▶ **HOW TO COMPLETE THIS TASK**
Only those lines in the data below from the line containing "Yaz aylarında doğal peyzaj." through the line containing "Тело 43-летней Анны", both included, should be restated word for word.

▶ **EXERCISE MATERIAL**
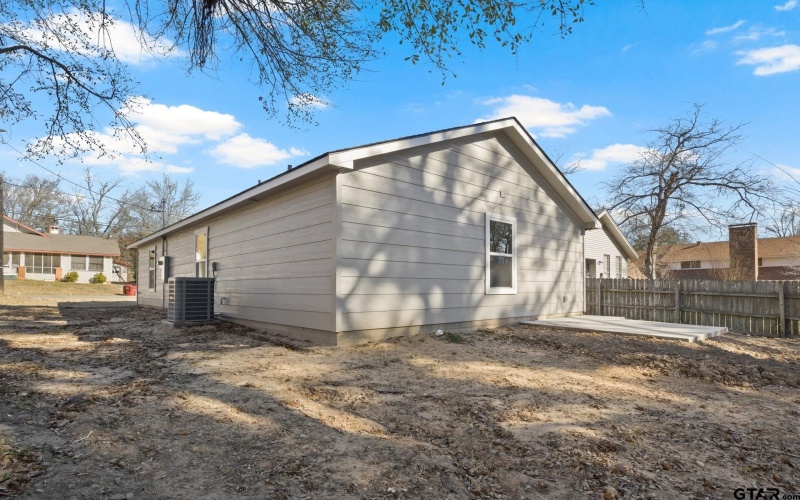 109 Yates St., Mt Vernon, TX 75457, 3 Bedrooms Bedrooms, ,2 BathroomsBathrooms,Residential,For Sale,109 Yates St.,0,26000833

==

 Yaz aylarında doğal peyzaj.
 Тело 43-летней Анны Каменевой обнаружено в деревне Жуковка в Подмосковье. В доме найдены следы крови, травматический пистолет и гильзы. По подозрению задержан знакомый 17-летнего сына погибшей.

==

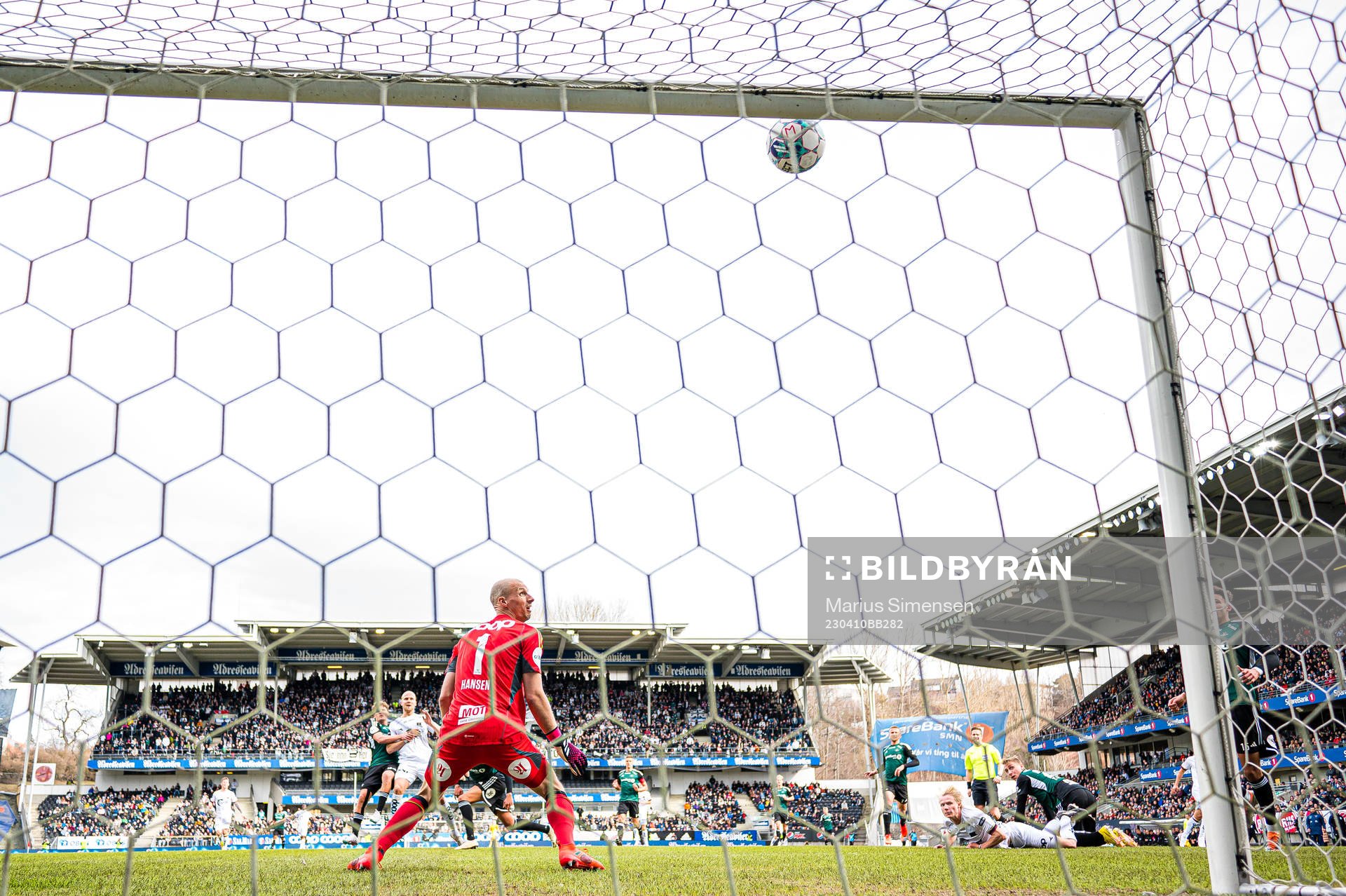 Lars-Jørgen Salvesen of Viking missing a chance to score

▶ **SOLUTION TO THIS TASK**
 Yaz aylarında doğal peyzaj.
 Тело 43-летней Анны Каменевой обнаружено в деревне Жуковка в Подмосковье. В доме найдены следы крови, травматический пистолет и гильзы. По подозрению задержан знакомый 17-летнего сына погибшей.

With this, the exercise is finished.